Fot. YouTube/Blanka Lipińska
Szybkie streszczenie dla tych, którzy naprawdę żyli w jamie i nie wiedzą, o czym to: mafioso Massimo porywa Polkę Laurę i daje jej rok, żeby go pokochała. On jest strasznie kontrolujący, ona trochę się stawia (ale nie bardzo), a poza tym łączy ich gorący seks pełen "mocnego dotyku".

Ale oprócz tych m o m e n t ó w, których totalnie się spodziewacie (a są, i nie ukrywajmy, są hot) film zawiera też inne momenty, o których musicie usłyszeć, zanim pójdziecie do kina. Żeby potem nie było do nas pretensji:

1. Ten moment, kiedy Massimo mówi do Laury, że nic nie zrobi bez jej zgody, trzymając jej kolano między udami i rękę na piersi. Później jeszcze będzie ją trochę łapał za kark, przyduszał i przykuwał do łóżka. Wszystko - brawo, zgadliście! - bez jej zgody.


2. Ten moment, kiedy się orientujesz, że film dobrnął może do połowy, a słynna z trailera fraza "Are you lost, baby girl?" padła już trzy razy.

3. Ten moment, kiedy Massimo i Laura wchodzą na bal, on prosi ją do tańca i nagle okazuje się, że Włoch i Polka niczego tak dobrze nie robią jak tańczą tango argentyńskie.

4. Ten moment, kiedy okazuje się, że w palazzo Massima jest jakaś średniowieczna sala tortur i już nie wiesz, czy to "365 dni" czy fanfiction o Harrym Potterze i ciemnym lochu w rezydencji Malfoyów. (Spoiler: nie, w sali tortur nie ma seksu, tylko tortury.)

5. Ten moment, kiedy Laura - polska patriotka, nieodrodna córa nadwiślańskich pól i łąk - żąda od Massima, żeby na kolację były pierogi.

6. Ten moment, kiedy zastanawiasz się, czy naprawdę product placement Moliera2 trwa już trzecią minutę.

7. Ten moment, kiedy Massimo mówi buntowniczej Laurze, która nadal nie chce uprawiać z nim seksu, że zaraz zobaczy, co traci. W tym celu przykuwa ją do łóżka i zaprasza do pokoju inną kobietę, która - w ramach pokazywania Laurze, co traci - robi mu blowjoba, a wszystko odbywa się pod olbrzymim malowidłem przedstawiającym Massima i lwa.

8. Ten moment, kiedy dzielna Polka wyrywa się swojemu porywaczowi i szuka ucieczki na tarasie widokowym, bo to tam zazwyczaj można ją znaleźć.

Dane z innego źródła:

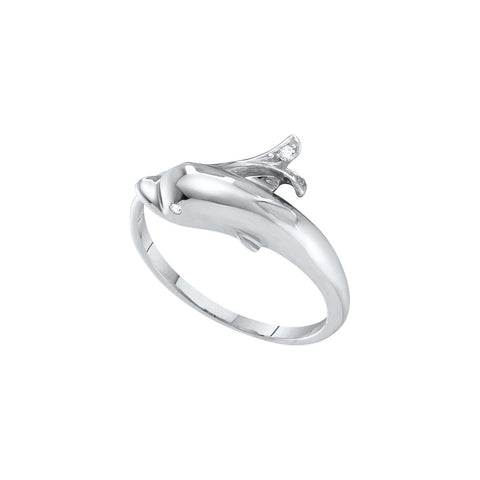 10kt White Gold Womens Round Diamond Dolphin Fish Animal Wrap Ring .03 Cttw 55842 - shirin-diamonds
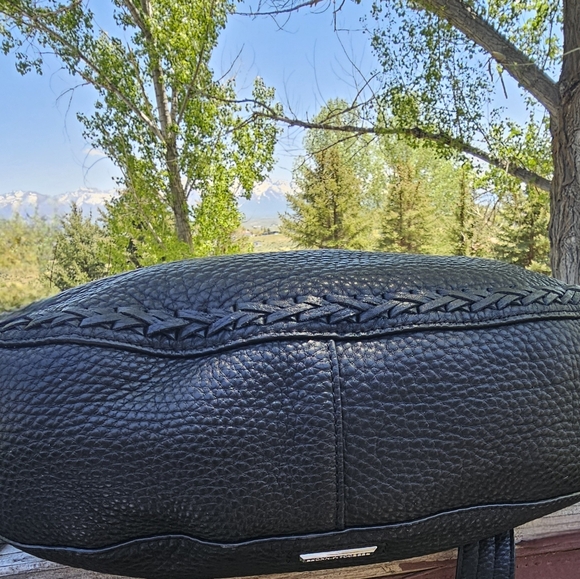 Rebecca Minkoff Crossbody Black Pebbled Leather Removeable Straps Silver Hardwar - Picture 7 of 8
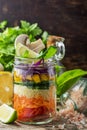 Fresh colorful salad in the jar Royalty Free Stock Photo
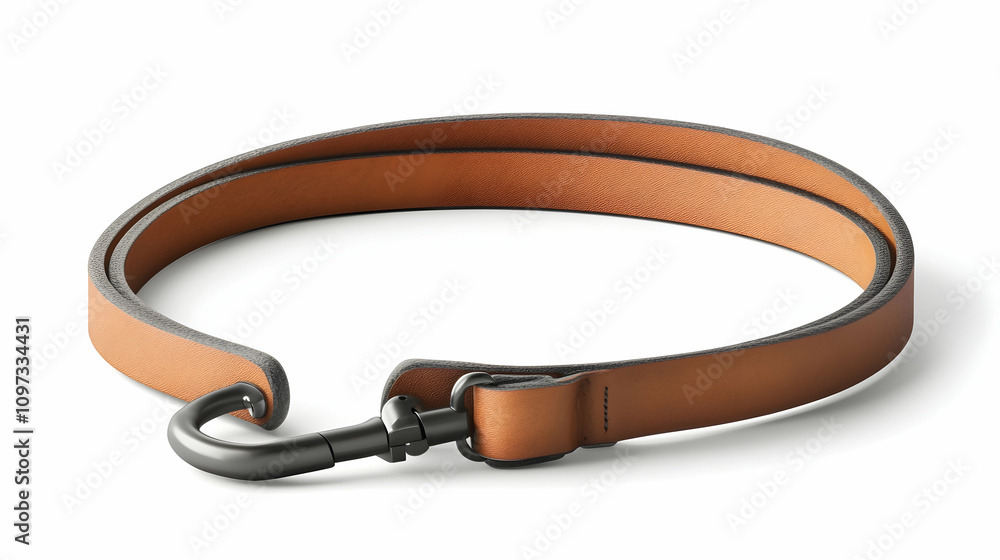 Tan leather strap with dark metal clasp, coiled on white background. Tan leather strap with dark metal clasp, coiled on white background.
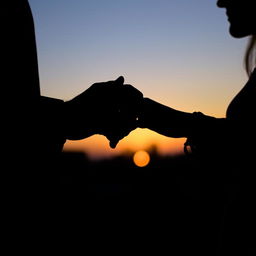 A romantic silhouette of a couple holding hands with their shadows cast against a textured surface, emphasizing the moment they exchange wedding rings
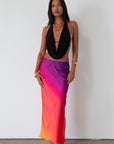 Satin maxi skirt. Elastic waistband. Unlined. sunet maxi skirt. going out skirt. going out outfit.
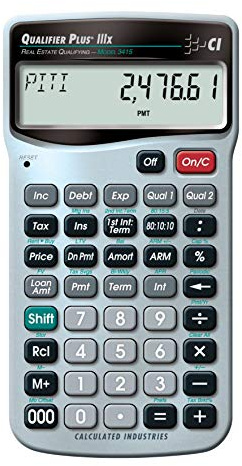 Calculated Industries 3415 Qualifier Plus IIIx Advanced Real Estate Mortgage Finance Calculator | Simple Operation | Buyer Pre-Qualifying | Solves Payments, Amortization, ARMs, Combos, FHA, VA, More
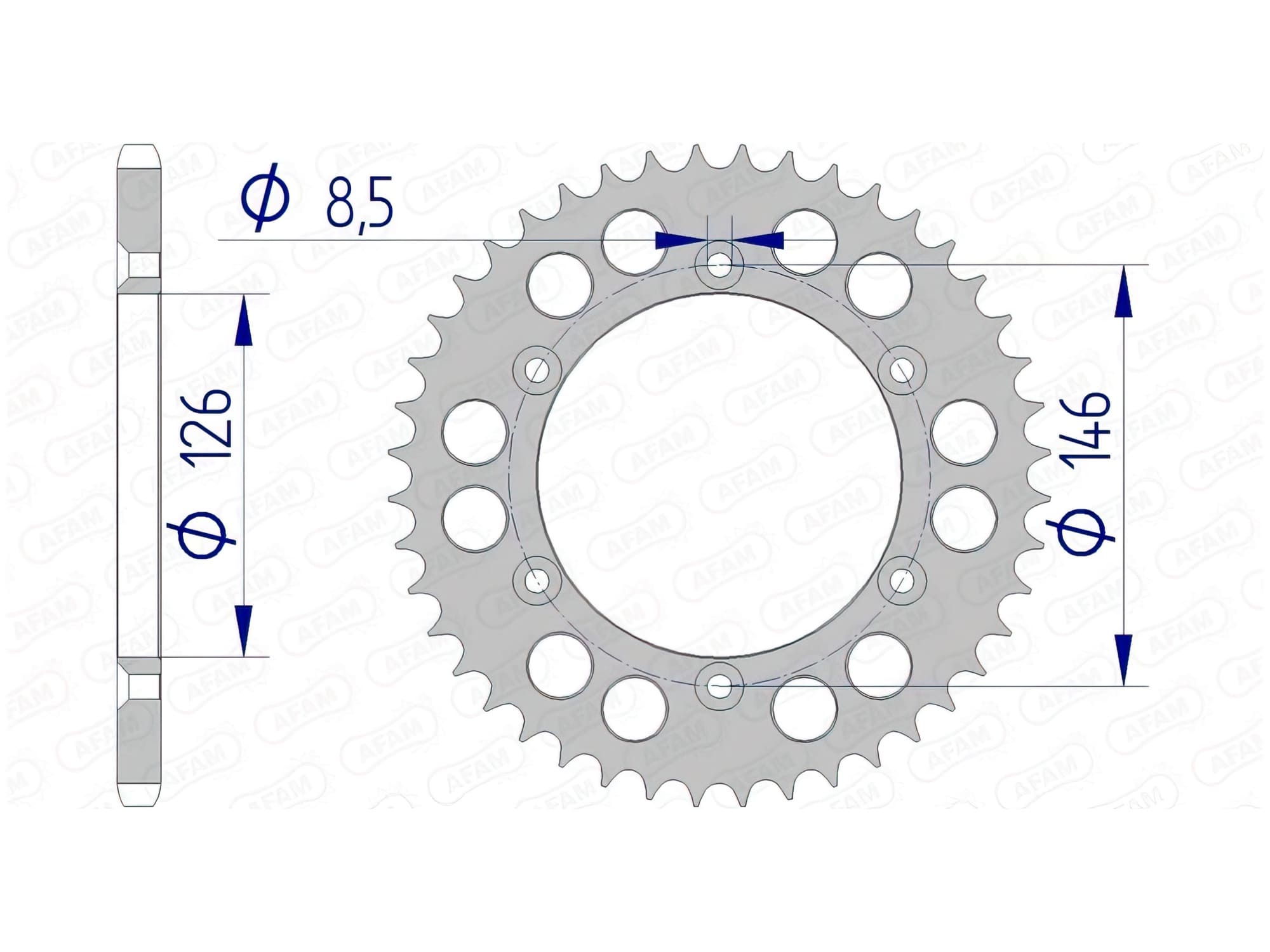 1074537005 Corona Afam alluminio Z45 Suzuki RM-Z 250 / 450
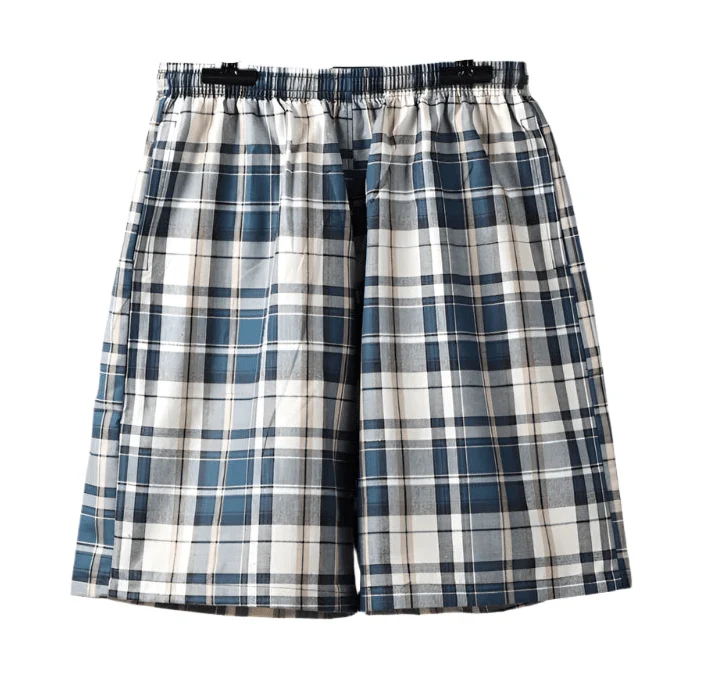 Herren-Boxershorts aus 100 % Baumwolle – Bequeme karierte Schlafbekleidung mit lockerer Passform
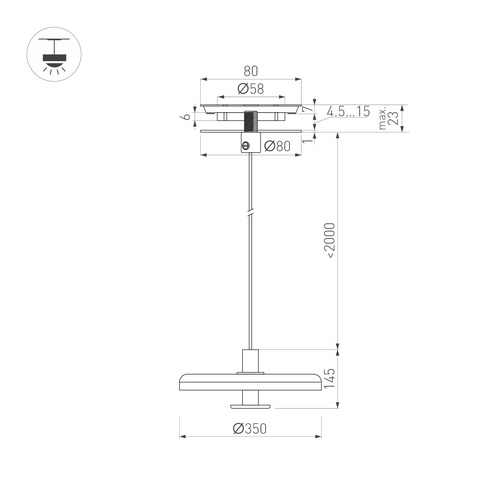 Светильник SP-KOTARO-R350-12W Warm2700 (BK-GR, 36 deg, 230V, TRIAC) (Arlight, IP20)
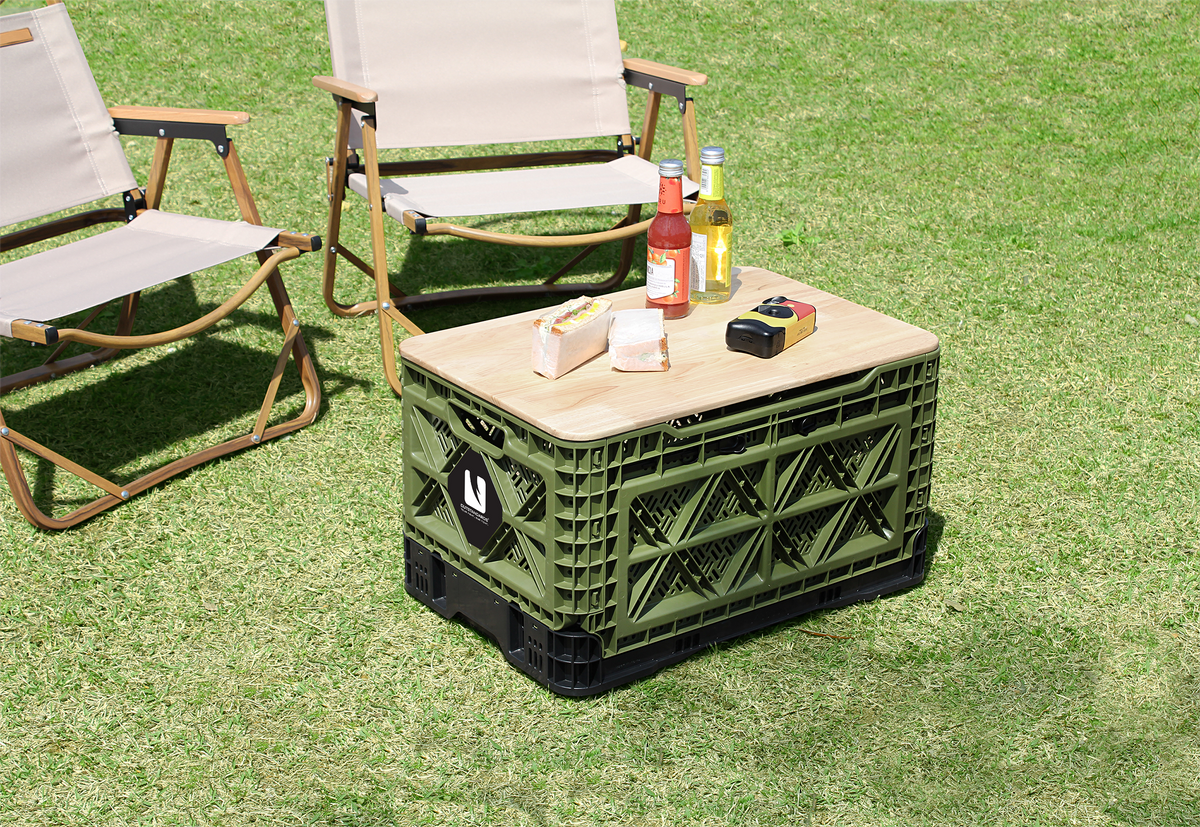 Two T-48 collapsible storage crates in an outdoor setting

9. Ten moment, kiedy Massimo bierze prysznic razem z Laurą, ona z uwagą przygląda się okolicom jego krocza, a on zadaje bystre pytanie "Dlaczego na niego patrzysz?".

10. Ten moment, kiedy w pierwszej scenie ojciec Massima mówi zdanie: "Piękne kobiety są piekłem dla duszy, ale rajem dla oczu".

A ty jeszcze nie wiesz, że ten film będzie dokładnie tym.

To jest ASZdziennik, ale żaden moment nie został zmyślony.